The truth of Christianity did not survive the age of the apostles; the Gospel, commented upon and symbolized by the Greeks and Latins, loaded with pagan fables, became literally a mass of contradictions; and to this day the reign of the infallible Church has been a long era of darkness. It is said that the gates of hell will not always prevail, that The Word of God will return, and that one day men will know truth and justice; but that will be the death of Greek and Roman Catholicism, just as in the light of science disappeared the caprices of opinion.

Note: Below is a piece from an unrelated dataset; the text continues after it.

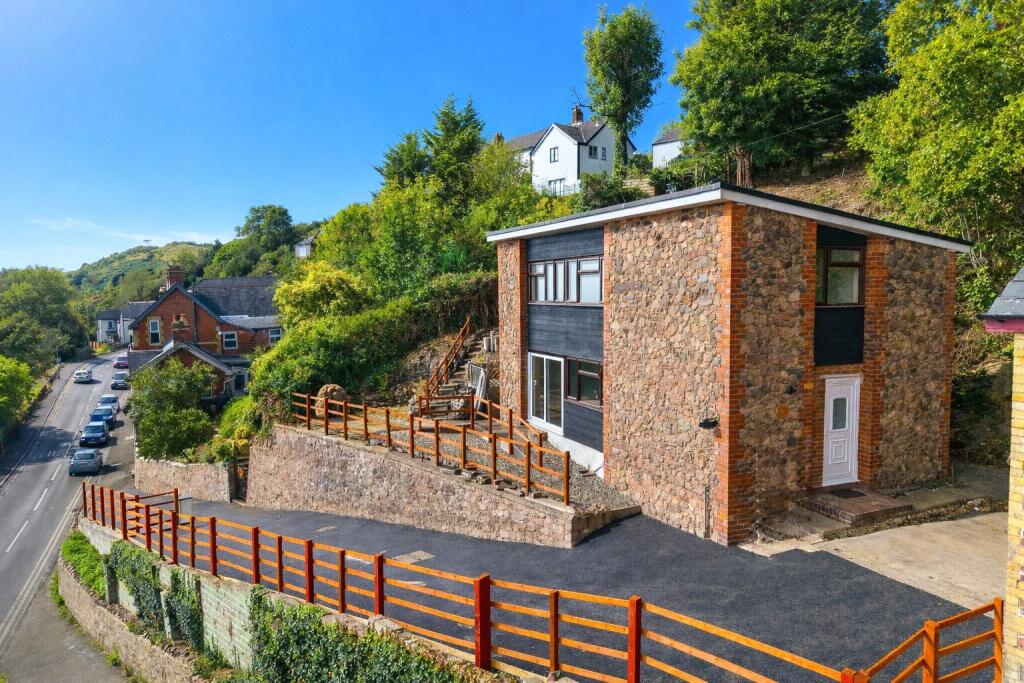 Main image of property: 48 Wyche Road, Malvern, Worcestershire, WR14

The monsters which the successors of the apostles were bent on destroying, frightened for a moment, reappeared gradually, thanks to the crazy fanaticism, and sometimes the deliberate connivance, of priests and theologians. The history of the enfranchisement of the French communes offers constantly the spectacle of the ideas of justice and liberty spreading among the people, in spite of the combined efforts of kings, nobles, and clergy. In the year 1789 of the Christian era, the French nation, divided by caste, poor and oppressed, struggled in the triple net of royal absolutism, the tyranny of nobles and parliaments, and priestly intolerance. There was the right of the king and the right of the priest, the right of the patrician and the right of the plebeian; there were the privileges of birth, province, communes, corporations, and trades; and, at the bottom of all, violence, immorality, and misery. For some time they talked of reformation; those who apparently desired it most favoring it only for their own profit, and the people who were to be the gainers expecting little and saying nothing. For a long time these poor people, either from distrust, incredulity, or despair, hesitated to ask for their rights: it is said that the habit of serving had taken the courage away from those old communes, which in the middle ages were so bold.

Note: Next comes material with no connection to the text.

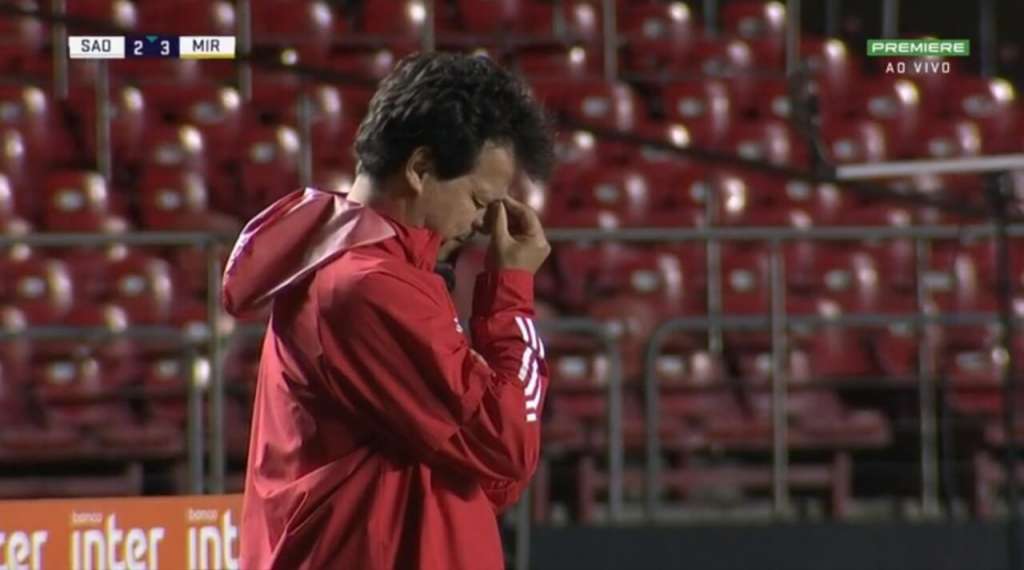 Mesmo após levar gol nos últimos dez jogos, Diniz elogia defesa do São Paulo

Finally a book appeared, summing up the whole matter in these two propositions: What is thee third estate? — Nothing. What ought it to be? — Every thing. Some one added by way of comment: What is the king? — The servant of the people.

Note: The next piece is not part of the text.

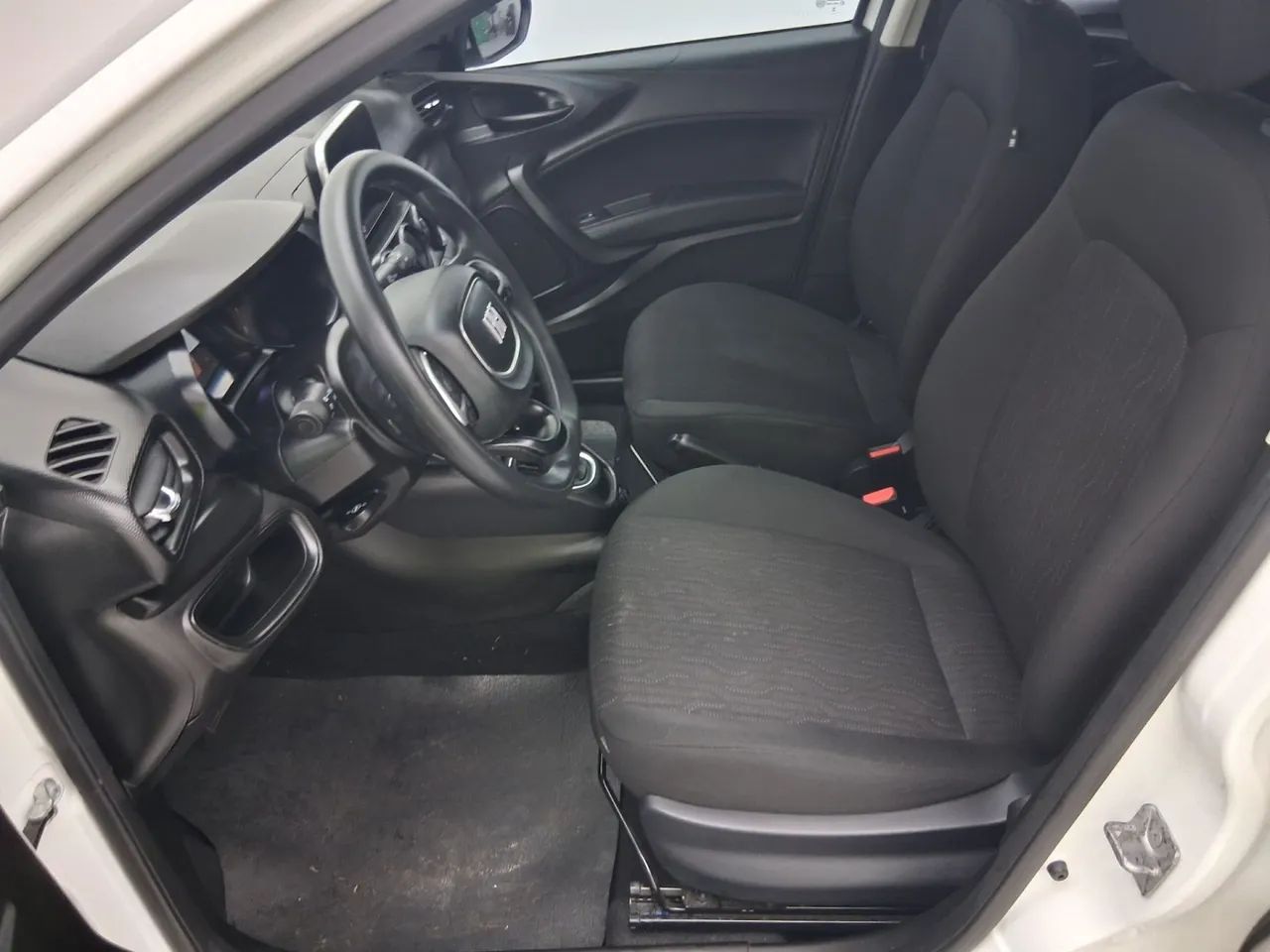 Fiat Cronos DRIVE 1.3 8V Flex Aut., foto 17 de 17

This was a sudden revelation: the veil was torn aside, a thick bandage fell from all eyes. The people commenced to reason thus:—
If the king is our servant, he ought to report to us;
If he ought to report to us, he is subject to control;
If he can be controlled, he is responsible;
If he is responsible, he is punishable;
If he is punishable, he ought to be punished according to his merits;
If he ought to be punished according to his merits, he can be punished with death.”